BEGIN

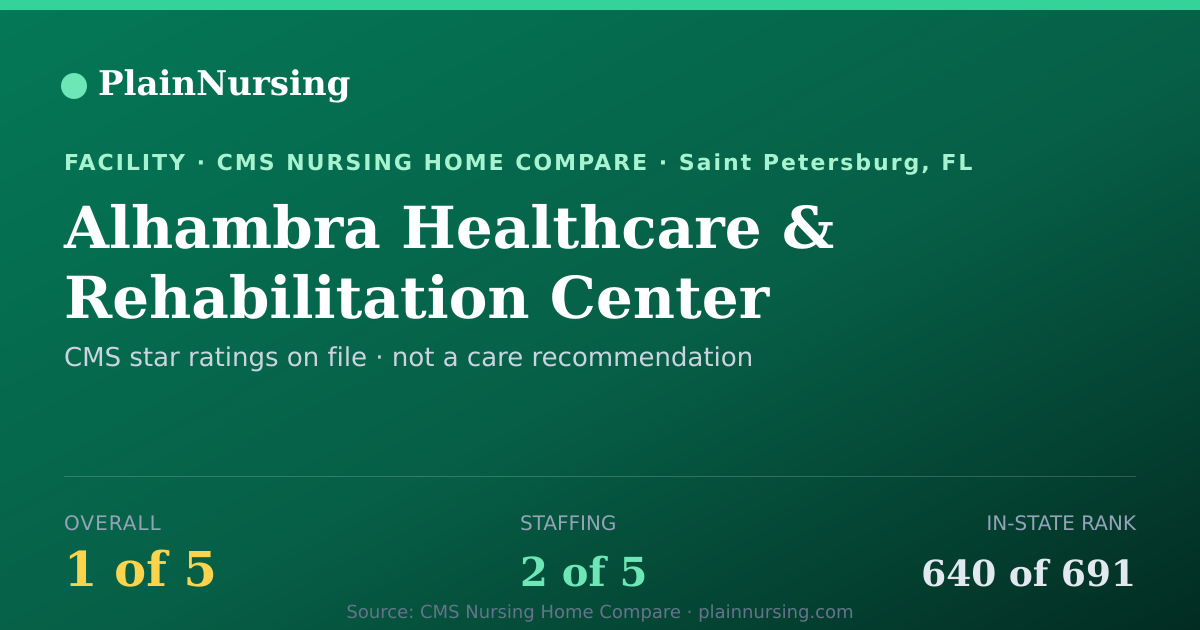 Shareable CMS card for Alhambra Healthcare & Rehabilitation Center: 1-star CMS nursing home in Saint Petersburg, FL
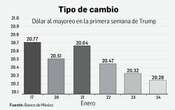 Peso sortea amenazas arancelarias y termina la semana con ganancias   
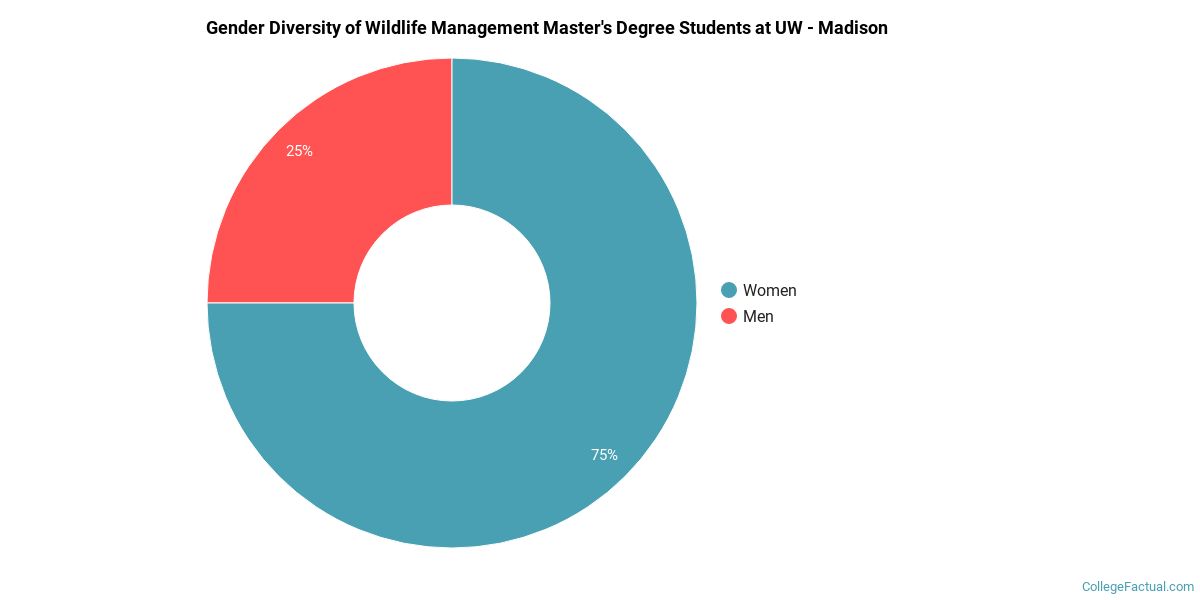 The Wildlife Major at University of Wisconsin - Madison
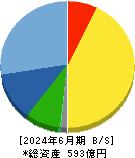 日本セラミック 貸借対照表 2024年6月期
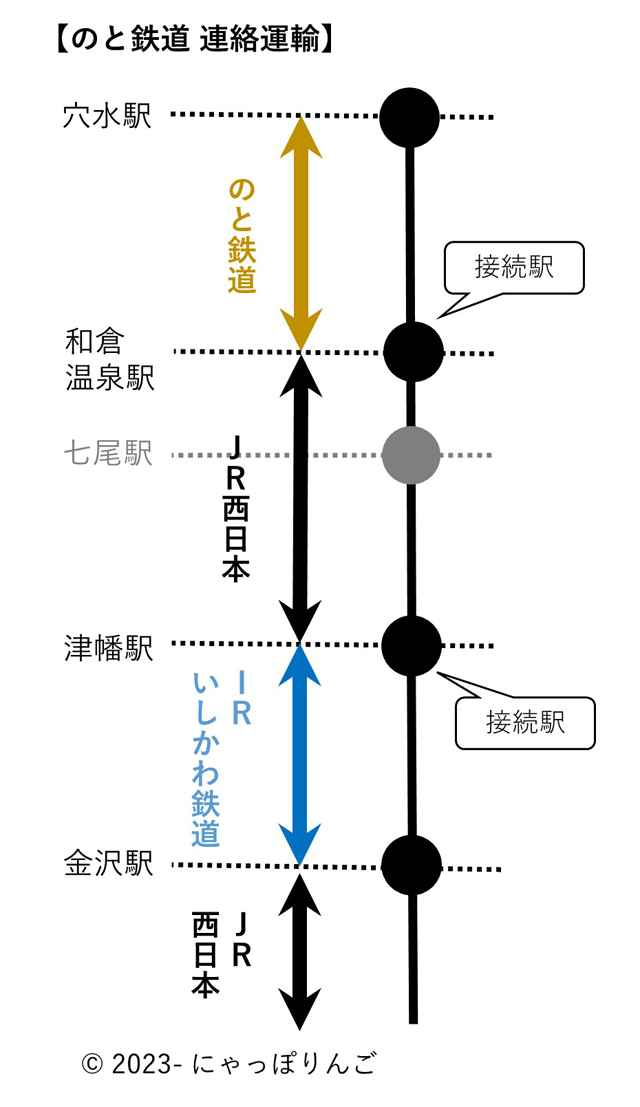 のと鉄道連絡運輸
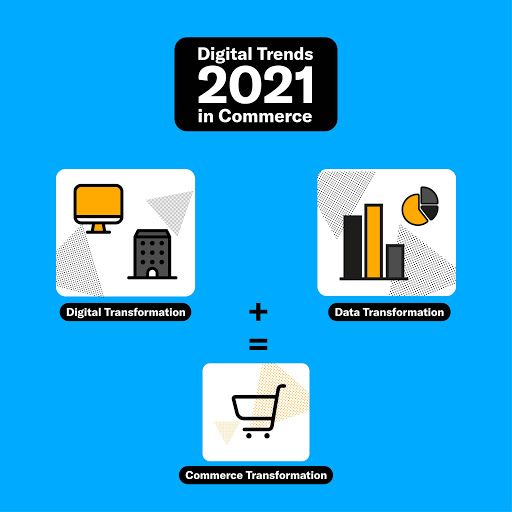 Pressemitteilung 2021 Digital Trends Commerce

END

▶ [DESCRIPTION OF THE TASK]:
Without the pictures, give back every record precisely as shown.

▶ [ANSWER TO THIS TASK]:
 Shareable CMS card for Alhambra Healthcare & Rehabilitation Center: 1-star CMS nursing home in Saint Petersburg, FL
 Peso sortea amenazas arancelarias y termina la semana con ganancias   
 The Wildlife Major at University of Wisconsin - Madison
 日本セラミック 貸借対照表 2024年6月期
 のと鉄道連絡運輸
 Pressemitteilung 2021 Digital Trends Commerce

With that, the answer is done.